Criticles

A Firangi Peep into the India Story

By the turn of the new millennium news of ‘India Shining’ had reached the western capitals. Newsrooms in the ‘First World’ capitals had begun to develop a healthy appetite for sunshine stories from India.

It was quite a mindset shift.

Not long ago, grim poverty, malnutrition and even hunger dominated news output from India. Occasional stories on snake charmers still drew the attention of the news desk. And oh yes, any quirky, wacky stories were very welcome, as these stories fit in their perception of India.

But all that began to change after India’s economic growth engine picked up pace, rapid pace. The Western media organizations were no longer content with having a single-man bureau or office in Delhi.

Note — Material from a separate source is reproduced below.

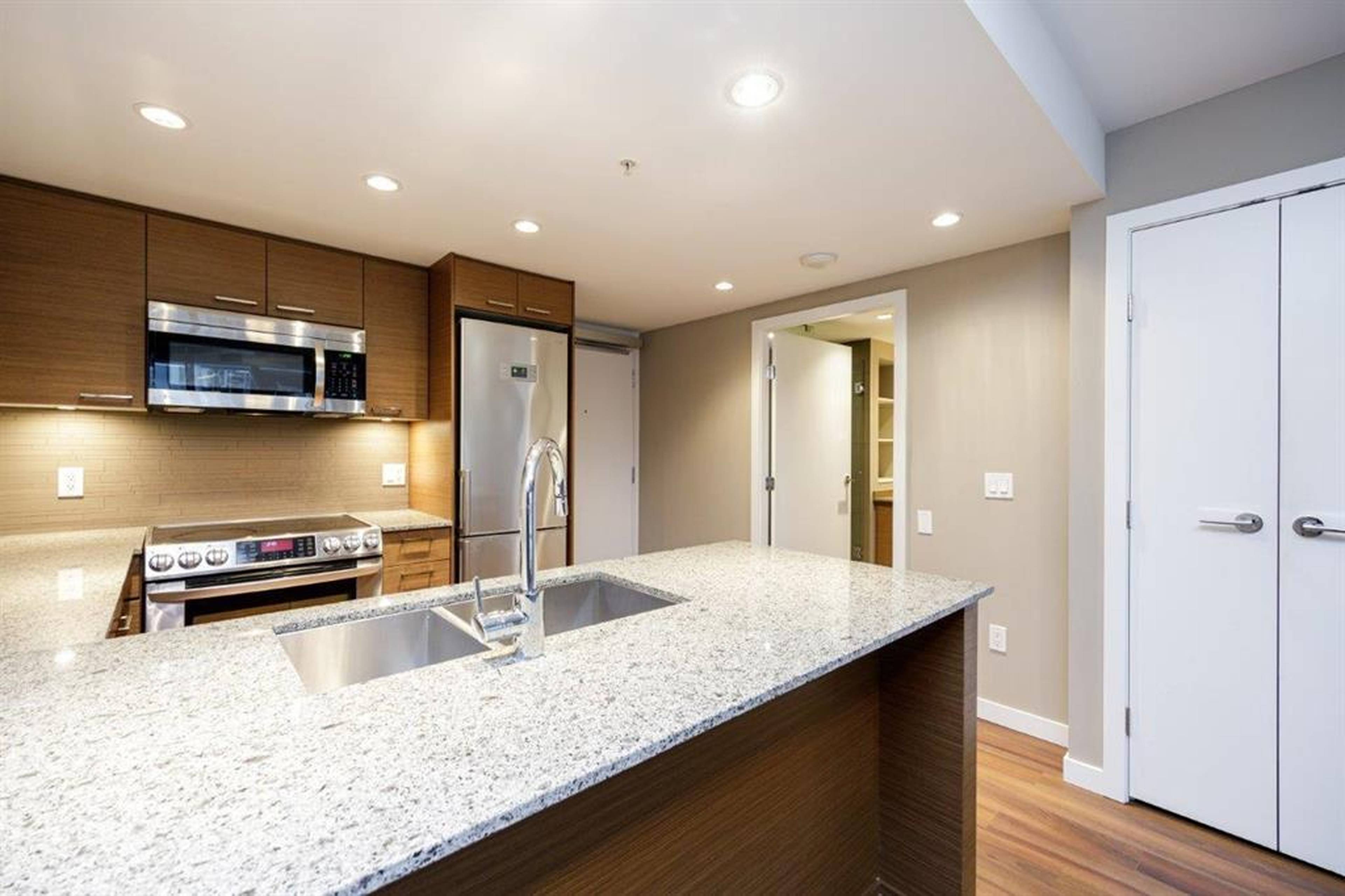 1 ch.  · 1 s. de bains for rent $2,700 / mois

They wanted their men stationed in Mumbai to report on the great Indian story.

So, the new international media brigade in Mumbai, which included me, began filing special reports, trend stories and the story of India’s magical economic growth. We highlighted individual successes, huge developmental activity and the new Indian entrepreneurship. I recall doing a trend story of how Indian companies were confident enough to hire white and western senior executives on competitive salaries. As a young boy growing up in India, we never heard of Indian companies hiring white westerners on salary packages at par with the west.

The more stories we filed of India’s success, the more the appetite for such stories grew in the newsroom. But we were never going to ignore the unpleasant stories, such as the debt-trapped Vidarbha farmers committing suicide. It was sad to see farmers’ stories often being underplayed by local media until it was taken up in a big way by the Western media.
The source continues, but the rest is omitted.